Yahudilerin İsrail'in Musevilerin ebedi başkenti olarak, Filistinlilerin ise ülkelerinin başkenti olarak gördüğü Kudüs, İsrail – Filistin sorunu ve çatışmalarının merkezi. Hristiyanlar Museviler'e Hz. İsa'yı öldürdüğü için kızgınken, Museviler tapınaklarının ikinci ve son kez yıkılmasından Avrupa'lıları sorumlu tutuyor. Bir yandan da Ortodoks ve Laik Museviler arasında çekişmeler hala devam ediyor. Hasidiklerin devletten para alarak çalışmadan yaşaması ve yobaz görüşleri devam ettirmesine kızan liberallere karşılık, Hasidikler onlara gerçek Museviliği uygulamadığı için kızıyor.

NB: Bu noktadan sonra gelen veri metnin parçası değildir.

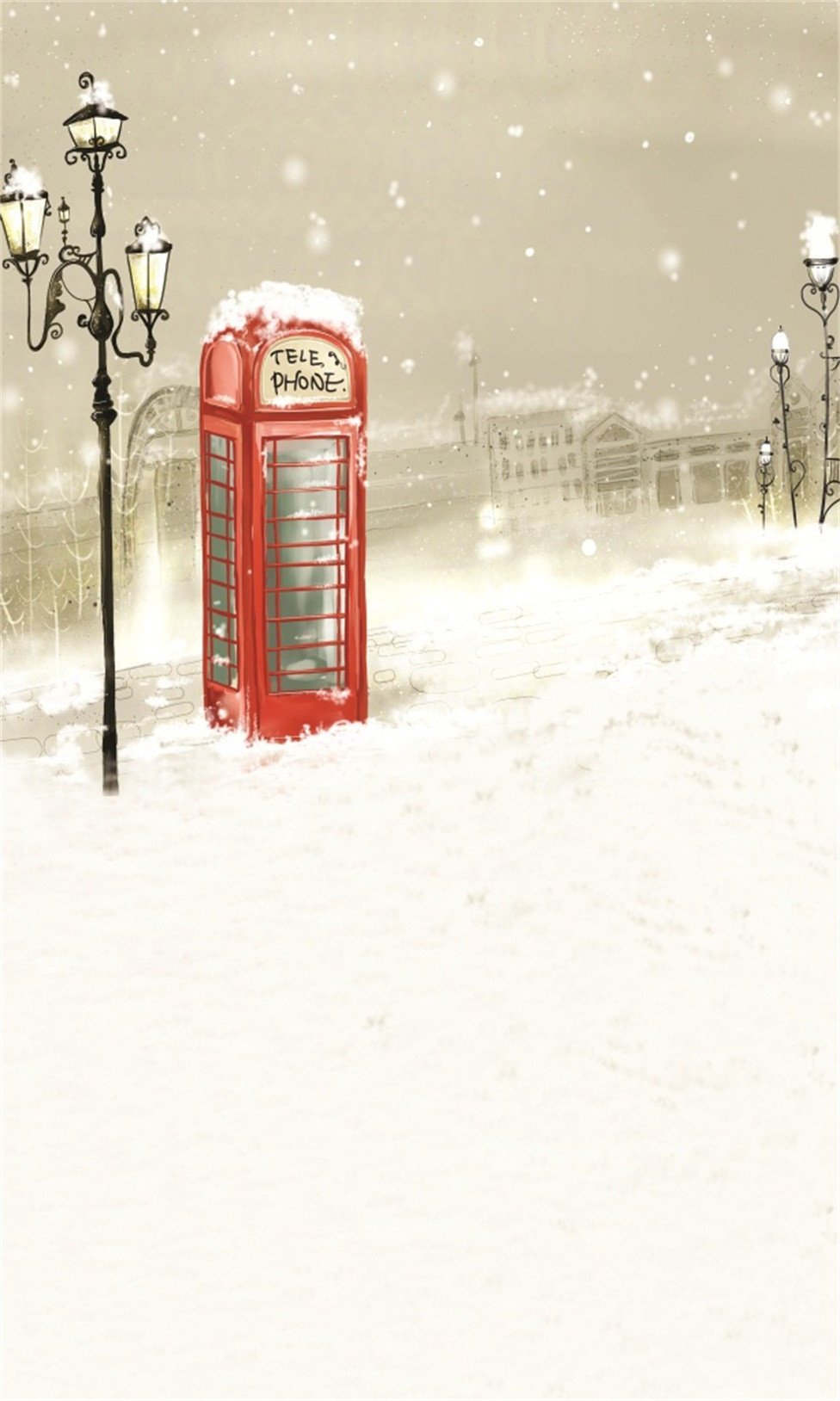 3D telephone booth in snow door mural Wallpaper AJ Wallpaper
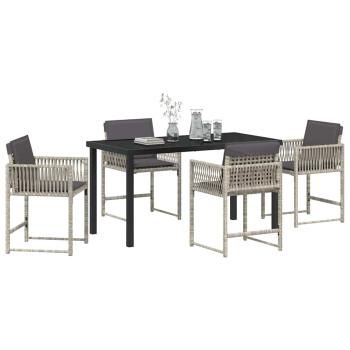 Garten Essgruppe 5 pcs Hellgrau Poly-Rattan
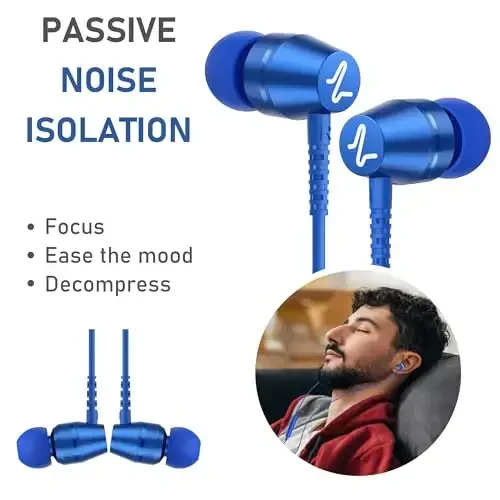 LUDOS OMNITONE Simli naushniklar, 5 yillik kafolat, mikrofonli naushniklar, 3,5 mm Jack simli quloqchinlar, iPhone, Samsung, noutbuk, bolalar, maktab o'quvchilari uchun videokonferentsiya - Moviy - 5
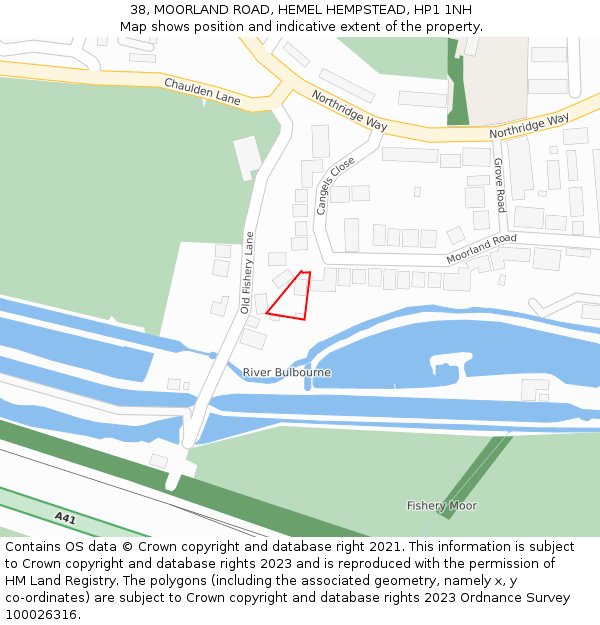 38, MOORLAND ROAD, HEMEL HEMPSTEAD, HP1 1NH: Location map and indicative extent of plot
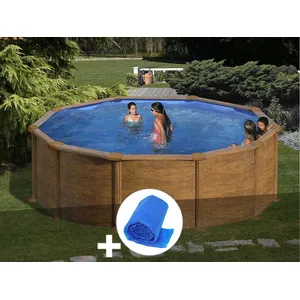 Comparateur de prix : GRE Kit piscine acier aspect bois Gré Mauritius ronde 3,70 x 1,32 m + ...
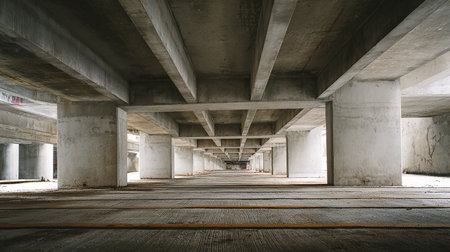 Interior of an empty industrial building with concrete walls and floor.の素材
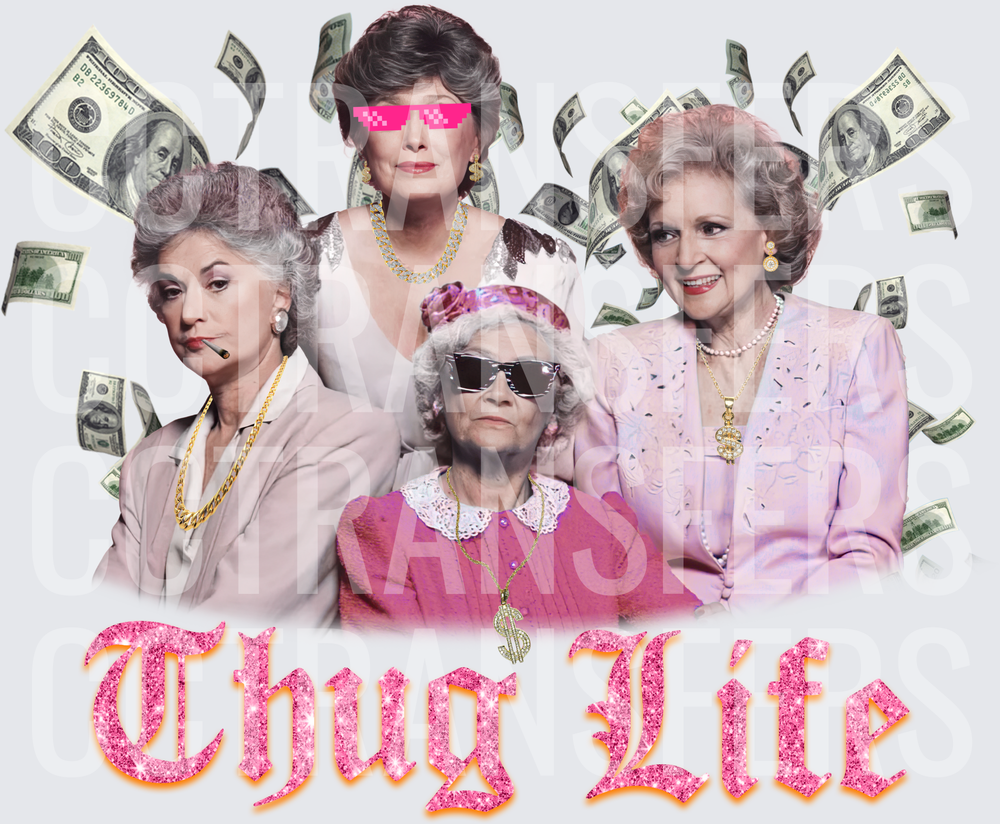 Thug Life Squad With Cash Flying DTF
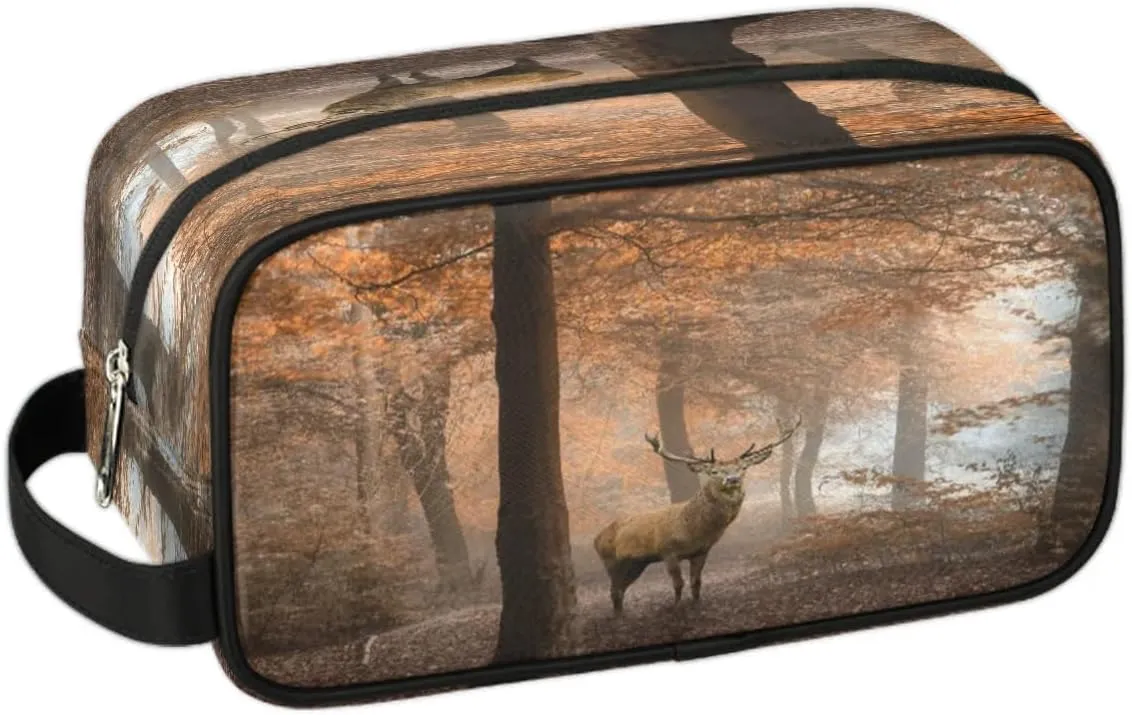 Cute Deer Travel Toiletry Bag for Women Men Small Cosmetic Makeup Organizer Water Resistant Shaving Bag Portable Make Up Bag Storage Bags with Handle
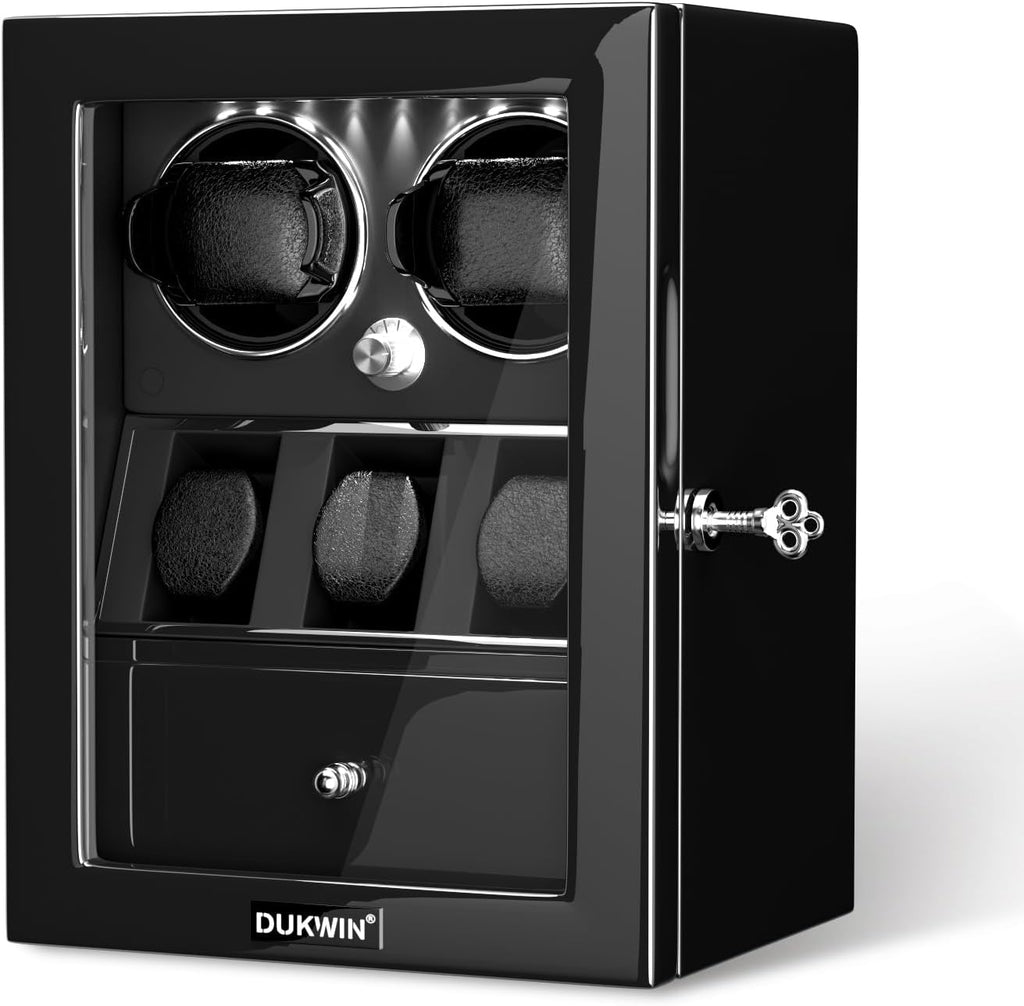 DUKWIN Watch Winder for 4/6/8 Automatic Watches, Lockable Winders with Watch Holders and Jewelry Storage, Super Quiet Motor with High-Gloss Finish, Built-in Illumination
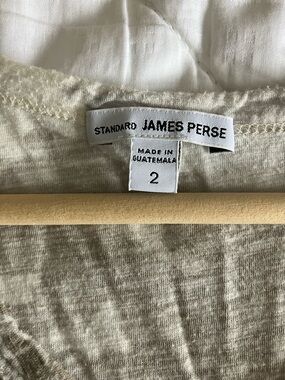 James Perse Neutral Crew Tee in Oatmeal/Cream Army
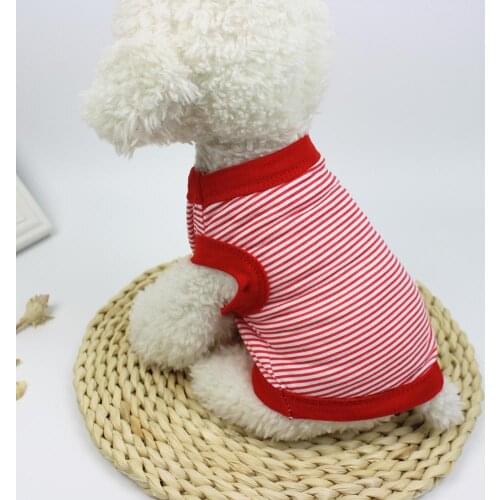 Pet Dog Striped Clothes Cotton Vest Soft Breathable T-shirt Costume Apparel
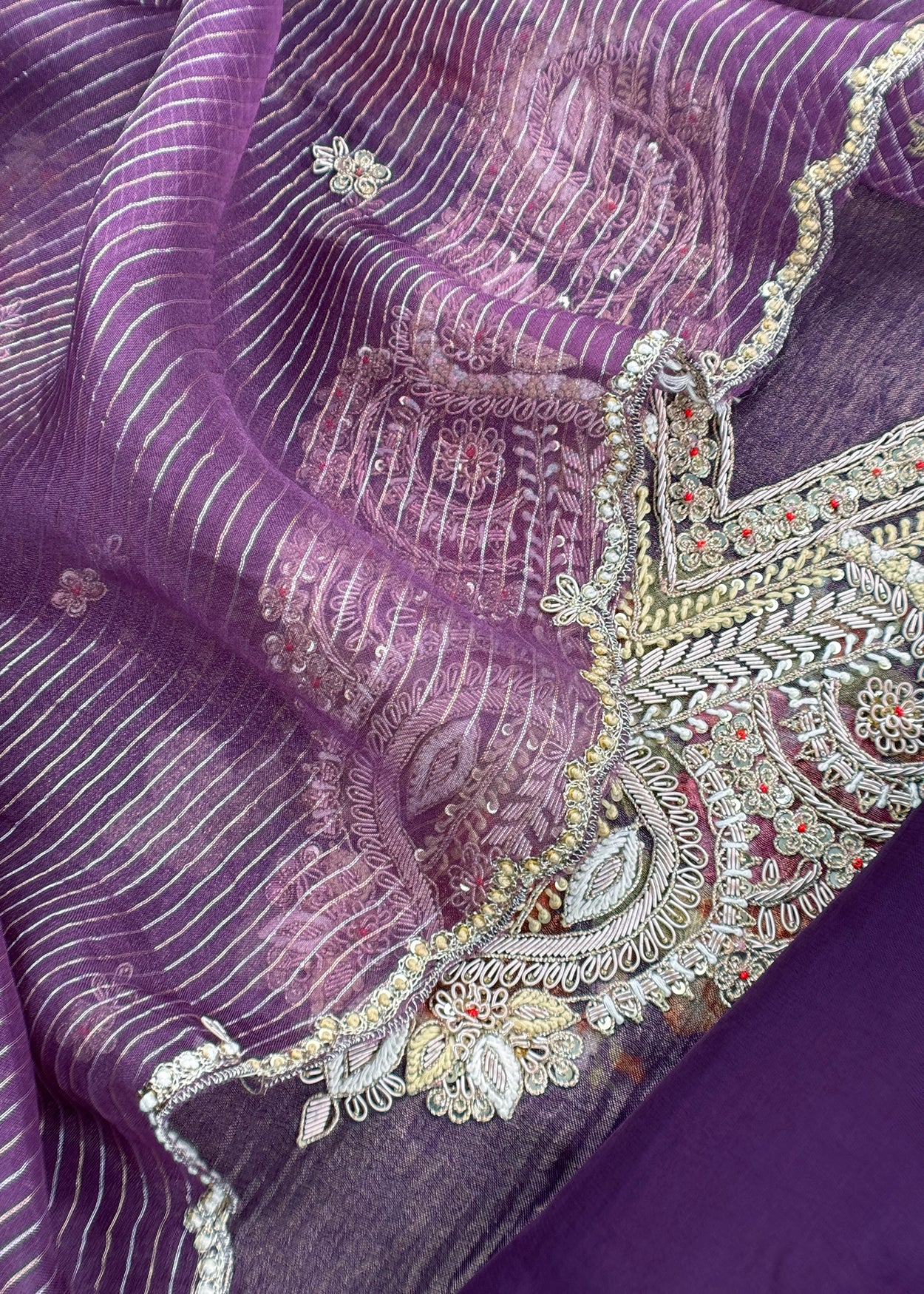 Festive wear tissue silk unstitched suit with duppta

Kudüs'te yaşayan her bir topluluk birbirinin meşruluğunu kabul etmeyip, varlığını yok saymaya devam ettikçe, bu gergin ortamın son bulması imkansız.
İşte bu kadar yoğun duygusal anlam, ruhani enerji ve ihtiras yüklü Kudüs, Orta Doğu barışının önündeki engel olarak duruyor.